RECORDED INFORMATION below:

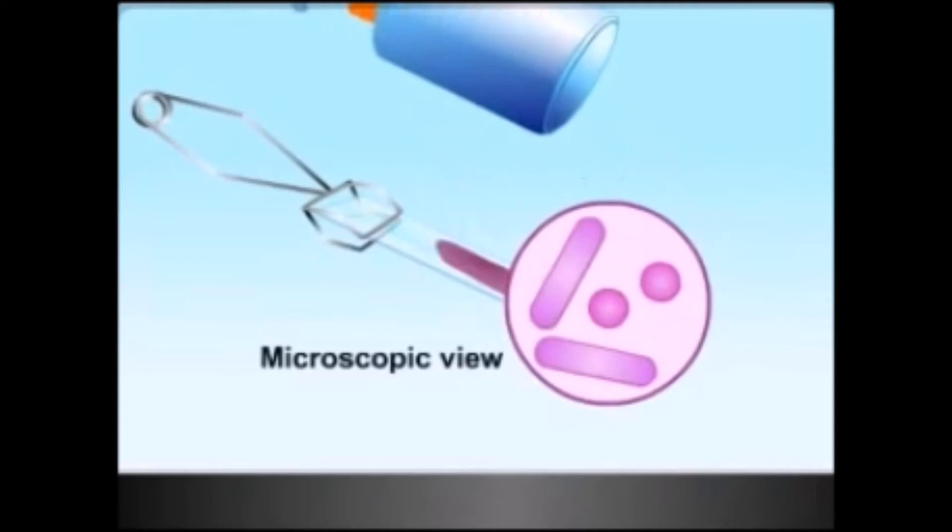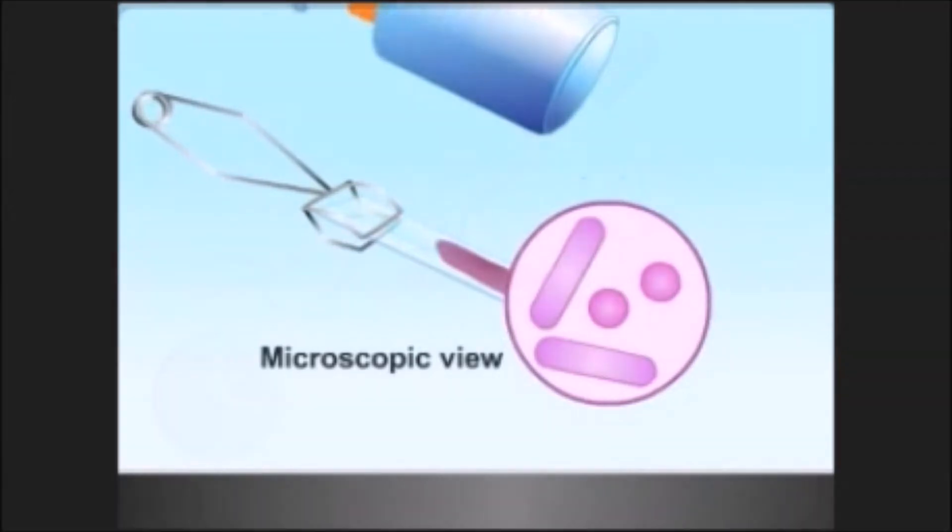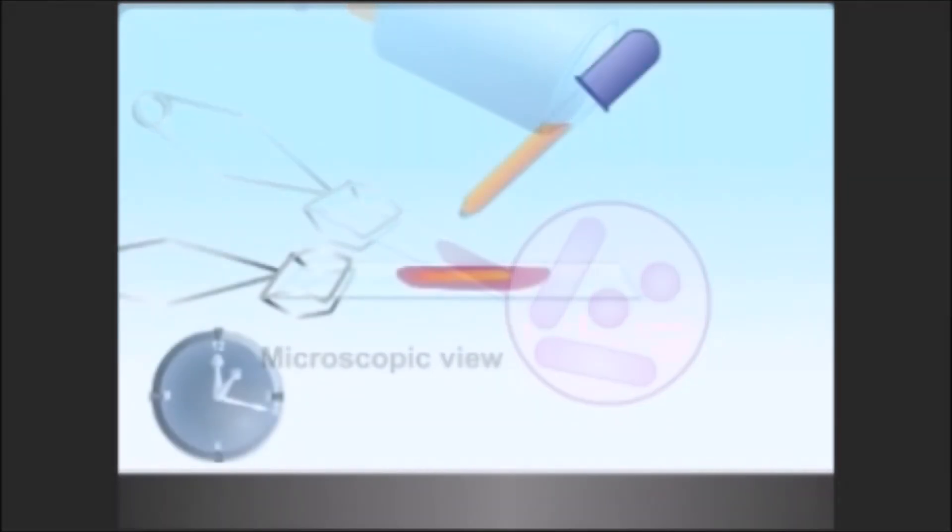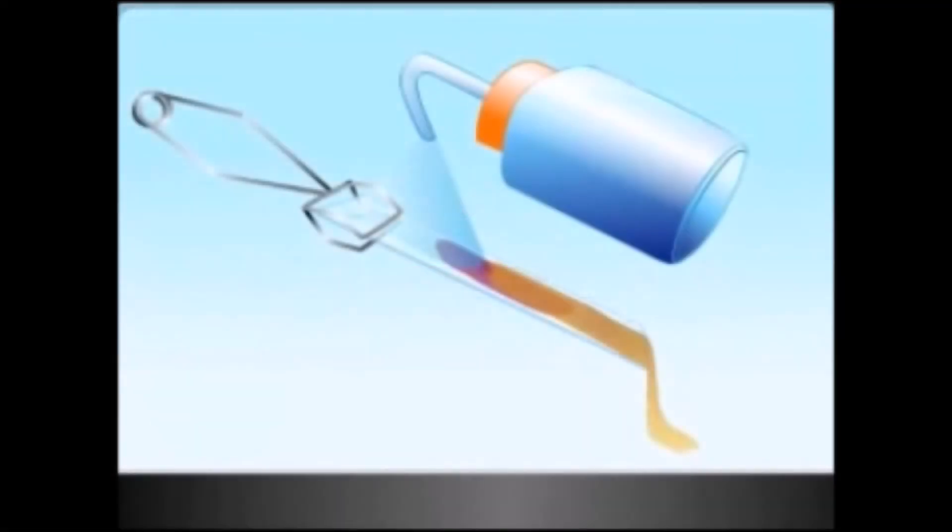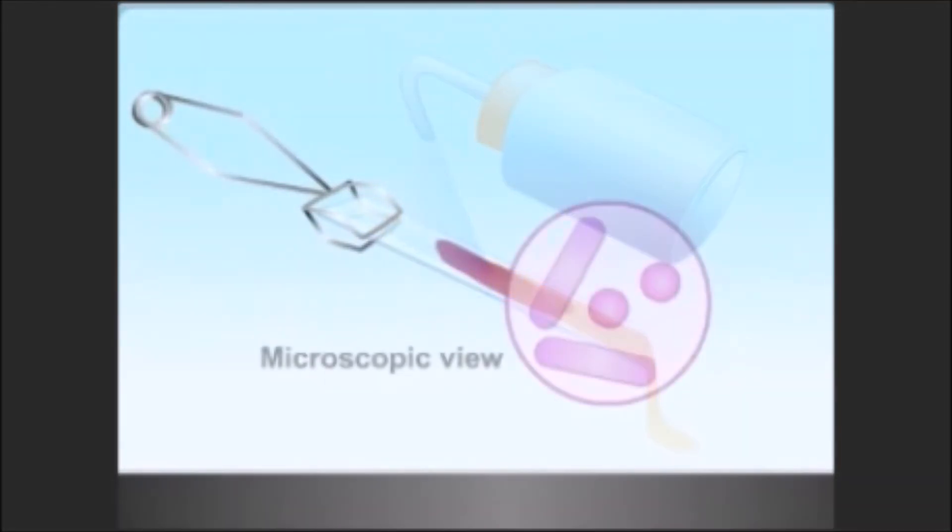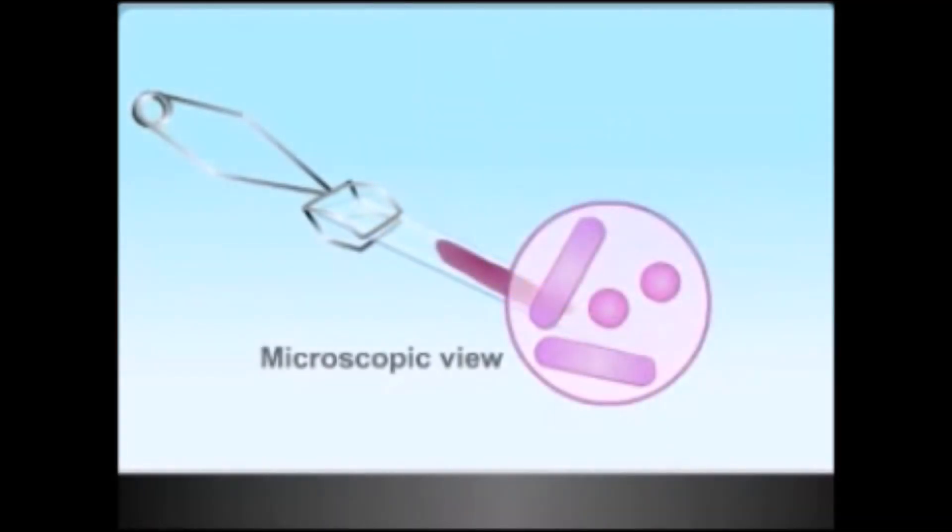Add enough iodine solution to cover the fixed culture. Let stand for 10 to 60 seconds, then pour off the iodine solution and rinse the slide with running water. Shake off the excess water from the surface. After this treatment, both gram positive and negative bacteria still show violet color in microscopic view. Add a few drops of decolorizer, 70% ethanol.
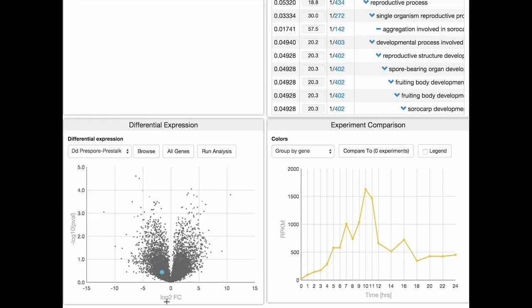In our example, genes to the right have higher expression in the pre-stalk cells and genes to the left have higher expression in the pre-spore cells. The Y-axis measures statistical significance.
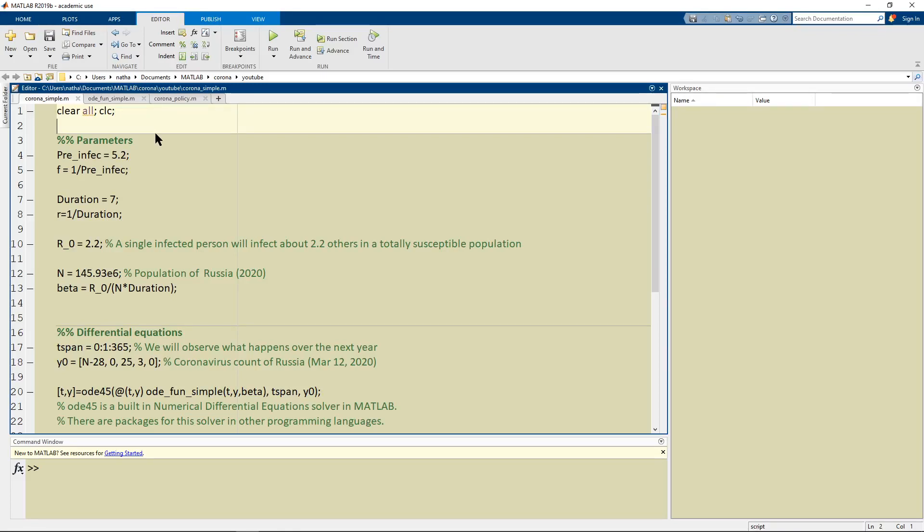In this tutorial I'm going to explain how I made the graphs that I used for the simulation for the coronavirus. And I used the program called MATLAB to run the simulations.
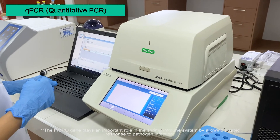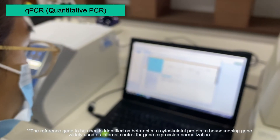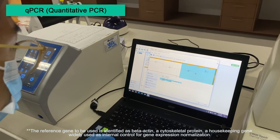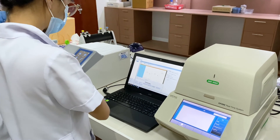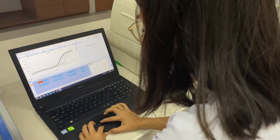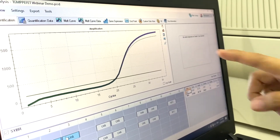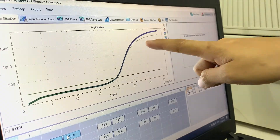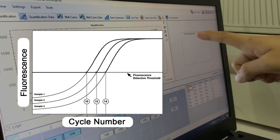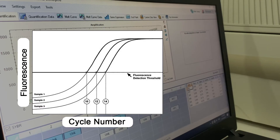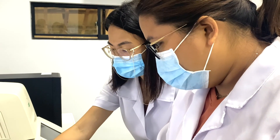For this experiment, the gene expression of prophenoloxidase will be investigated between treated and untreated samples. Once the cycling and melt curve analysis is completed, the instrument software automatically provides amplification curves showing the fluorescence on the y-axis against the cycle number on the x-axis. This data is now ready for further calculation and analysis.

End of RECORDED INFORMATION.

* _AIM OF THE TASK_:
Omit every picture, then reproduce the rest of the listing exactly.

* _TASK OUTPUT_:
Add enough iodine solution to cover the fixed culture. Let stand for 10 to 60 seconds, then pour off the iodine solution and rinse the slide with running water. Shake off the excess water from the surface. After this treatment, both gram positive and negative bacteria still show violet color in microscopic view. Add a few drops of decolorizer, 70% ethanol.
In our example, genes to the right have higher expression in the pre-stalk cells and genes to the left have higher expression in the pre-spore cells. The Y-axis measures statistical significance.
In this tutorial I'm going to explain how I made the graphs that I used for the simulation for the coronavirus. And I used the program called MATLAB to run the simulations.
For this experiment, the gene expression of prophenoloxidase will be investigated between treated and untreated samples. Once the cycling and melt curve analysis is completed, the instrument software automatically provides amplification curves showing the fluorescence on the y-axis against the cycle number on the x-axis. This data is now ready for further calculation and analysis.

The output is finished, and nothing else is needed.